Motorcycle group takes nursing-home residents for a ride
Seattle Times Eastside bureau
About 30 residents watched with eager curiosity from their wheelchairs. They'd been waiting six months for this day.
These weren't just any motorcycles. These were Harley-Davidsons, the U.S. motorcycle company that celebrated its 100th anniversary this year.
And this wasn't just any pit stop. Members of the Eastside Harley Owner's Group rode into Providence Marianwood for the fourth time in two years, in what is becoming a tradition.
"They're such an enthusiastic group," said Mary Tanji, 82, about the bikers. "It brings a lot of different excitement into our lives because this is so different."
Tanji, a Marianwood resident, is no stranger to motorcycles. She used to ride her own — a small Kawasaki — in the early '70s but has since become a Harley gal.
Riding on the motorcycle brings "the freedom of feeling the air rushing through you," Tanji explained. "And the feeling of being in your own control."
"They can feel the engine power," said John Lucarelli, a Harley group member. "The sound, the vibrations — it's a unique experience."
Even residents well over 90 looked forward to getting a ride.
Florence Keizer, 96, wore a Harley-Davidson scarf under her helmet, a Christmas present from her granddaughter.
Nursing aides used lifts to help some of the residents onto the back of the motorcycles and then strapped them on to ensure the utmost safety.
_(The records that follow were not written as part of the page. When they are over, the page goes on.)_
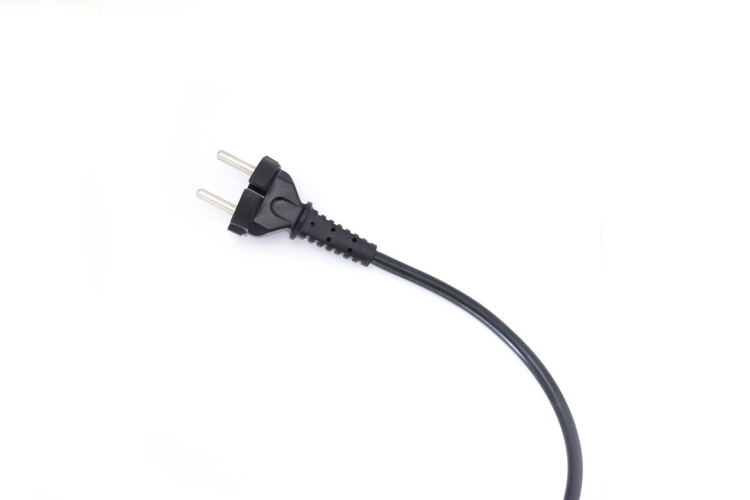 Unplugged black electrical cord pictured against white background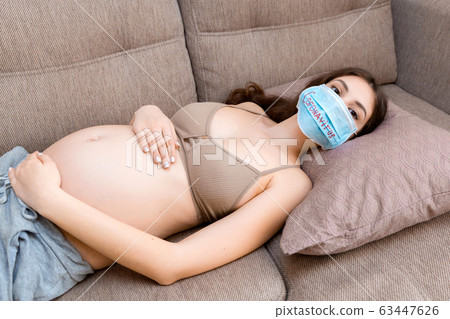 Young pregnant woman in protective medical mask Young pregnant woman in protective medical mask 63447626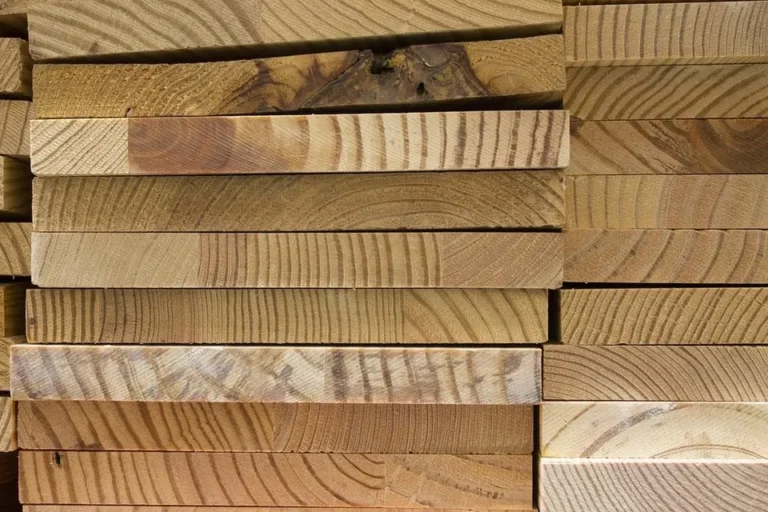 Stack of rough-sawn hardwood lumber boards showing end grain and growth rings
Keizer, who was lifted and strapped onto the back seat of John Martin's bike, wore a smile on her face the entire ride.
"You've had the biggest smile of everybody here so far," Tommy Tucker said to Keizer when she was back in her wheelchair.
Keizer had wanted a Harley of her own when she was a young woman, except back in the 1930s it meant paying $450 — more than she could afford.
"That's what chrome costs you now," said Lori Martin, a nurse at Marianwood and secretary of the Eastside Harley group, based in Bellevue. Martin started the event with her husband when she realized how many residents had either owned bikes or always wanted one.
Whether the event is more fun for the riders or the residents is debatable. "I get so much more out of this than the residents possibly can," said Tami Lucarelli. "It's just ... I don't know. I can't tell you the blessing that I get from this."
The Harley group and the residents might seem an unlikely pairing, but the people participating yesterday had much in common, said Don Estill, director of the Eastside group.
Most of his Eastside riders are in their 40s and grew up admiring Harley-Davidsons. Many of the residents share that admiration.
"It's a good fit," said Cindy Sharek, Marianwood foundation director. "You wouldn't automatically think that, though."
Most residents who strap on helmets go for a short ride around Marianwood's parking garage and driveways. Some come just to watch. Others sit on the bikes but don't ride.
Tanji, being a former rider, enjoyed a longer-than-average ride around the neighborhood.
"Yeehaw!" Tanji called out as she rode back into the main driveway from her trip with Rich Moothart.
"We stopped, had a beer," joked Moothart about their long ride.